The Three Energy Steps of Dissolution
The overall energy change during dissolution is the net result of three distinct energy steps. These steps are viewed as a theoretical sequence, even though they happen simultaneously at the molecular level. The first two steps require an input of energy (endothermic) and involve breaking the attractive forces that hold the original components together.
The first step requires energy to separate the solute particles from each other, overcoming forces like the lattice energy in a crystal or the intermolecular forces between molecules. The second step is also endothermic, demanding energy to separate the solvent particles to create space for the solute. For a liquid solvent like water, this energy is needed to disrupt the existing intermolecular attractions, such as hydrogen bonds.
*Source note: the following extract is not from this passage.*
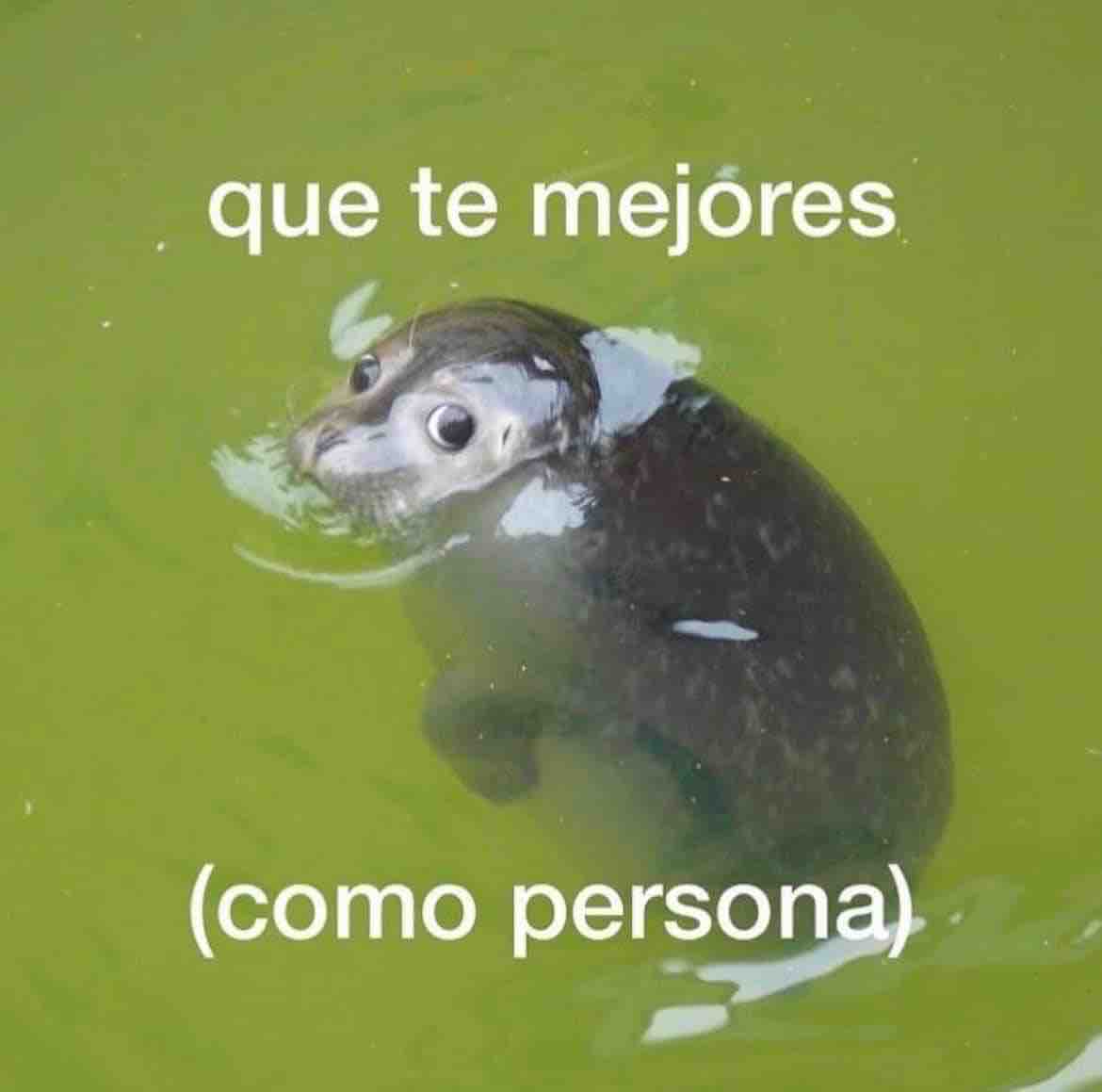 Guarromantico_'s tweet photo. https://t.co/4JMFLLdYJx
The final step involves the separated solute and solvent particles coming together to form the solution, a process called solvation (or hydration when water is the solvent). This step is always exothermic because energy is released as new, stable attractive forces form between the solute and solvent molecules. The overall enthalpy of solution is the algebraic sum of the energy consumed in the first two steps and the energy released in the third step.
When Dissolution Absorbs Heat (Endothermic Process)
Dissolution is endothermic when the energy absorbed in the first two steps is greater than the energy released during solvation. The net energy change is positive, and the system draws heat from the environment to make up the deficit. The result is that the solution and its container feel cool to the touch.
This cooling effect is harnessed in practical applications like instant cold packs, which often contain salts such as ammonium nitrate (\(\text{NH}_4\text{NO}_3\)) or potassium chloride (\(\text{KCl}\)). These substances are endothermic because they possess a high lattice energy, requiring a large amount of energy to pull the ionic crystal structure apart. The energy released when the ions are solvated by water is not sufficient to compensate for this initial energy investment.
When Dissolution Releases Heat (Exothermic Process)
Dissolution is exothermic when the energy released during the formation of new solute-solvent interactions outweighs the energy required to separate the original particles. This results in a negative overall enthalpy of solution, and the excess energy is transferred to the surroundings as heat. Consequently, the solution’s temperature rises.
A common example of this is dissolving solid sodium hydroxide (\(\text{NaOH}\)) pellets in water or the dilution of concentrated sulfuric acid (\(\text{H}_2\text{SO}_4\)). In these cases, the solvation of the ions or molecules is so energetically favorable that it easily overcomes the energy needed to break the initial bonds. The significant energy release from the powerful hydration of small, highly charged ions is the driving factor, making the process intensely exothermic.